Infondata è la seconda articolazione del motivo.

La Corte territoriale ha rilevato che non sussisteva alcuna tardività dell’iniziativa dell’ANAS di sottrarsi al giudizio degli arbitri, in quanto, al tempo della domanda di arbitrato, l’art. 47 del D.P.R. n. 1063 del 1952 era stato abrogato.

La ricorrente concorda su tale profilo e ne trae spunto per sostenere che la Corte territoriale ha determinato la reviviscenza di un istituto soppresso.

Ma così facendo non coglie che la Corte d’appello si è occupata dell’art. 47 cit. solo per escludere qualunque tardività, laddove la rilevanza della volontà manifestata dall’ANAS di ricorrere alla giurisdizione ordinaria è fondata, come esplicitamente riconosce la sentenza impugnata, sul potere di ciascun contraente di non consentire la devoluzione della controversia ad arbitri, tutte le volte in cui, come nella specie, non sia ravvisabile una specifica volontà contrattuale di derogare alla regola generale della statualità della giurisdizione.

3. Con il terzo motivo si lamenta, ai sensi dell’art. 360 c.p.c., comma 1, n. 5, omesso esame di un fatto decisivo per il giudizio, per avere la Corte territoriale omesso di esaminare l’eccezione, sollevava dalla Bulfaro s.p.a. nella comparsa di costituzione e risposta, di invalidità o inefficacia della declinatoria della competenza arbitrale, in quanto proveniente non dal legale rappresentante dell’ANAS, ma direttamente dall’Avvocatura dello Stato.

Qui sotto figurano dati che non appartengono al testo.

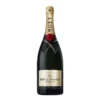 moët & chandon magnum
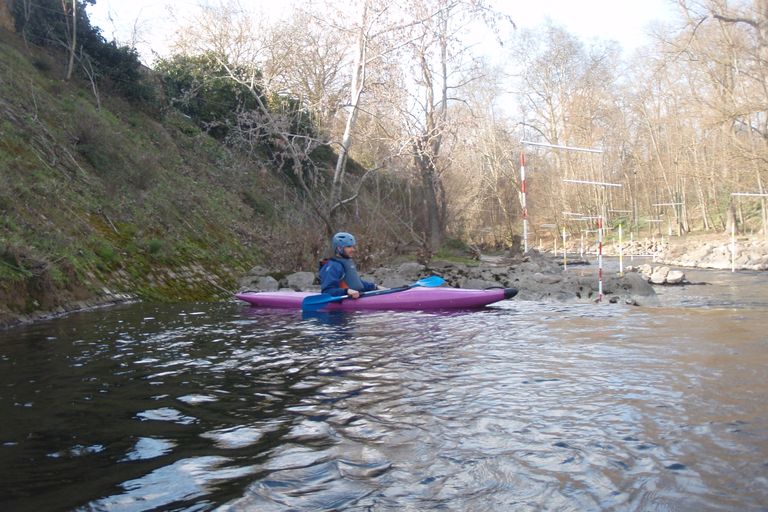 Samedi 12 février 2011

Il motivo è infondato, dal momento che, alla stregua di quanto sopra osservato, la cd. declinatoria non rappresenta, nel caso di specie, un atto sostanziale della parte, ma esprime l’esercizio del potere processuale di rilevare che, non esistendo una clausola compromissoria, un giudizio arbitrale non poteva svolgersi per la mancanza di una volontà della parte stessa.

4. In conseguenza, il ricorso va rigettato e la ricorrente condannata al pagamento delle spese del giudizio di legittimità, liquidate come da dispositivo, alla luce del valore e della natura della causa nonchè delle questioni trattate.

PQM

Rigetta il ricorso. Condanna la ricorrente al pagamento, in favore del controricorrente, delle spese del giudizio di legittimità, che liquida in Euro 10.000,00 per compensi, oltre alle spese forfettarie nella misura del 15 per cento, agli esborsi liquidati in Euro 200,00, ed agli accessori di legge.

Ai sensi del D.P.R. n. 115 del 2002, art. 13, comma 1 quater, inserito dalla L. n. 228 del 2012, art. 1, comma 17, dà atto della sussistenza dei presupposti per il versamento, da parte del ricorrente, dell’ulteriore importo a titolo di contributo unificato pari a quello dovuto per il ricorso, a norma del comma 1-bis dello stesso art. 13, se dovuto.

Così deciso in Roma, il 5 febbraio 2020.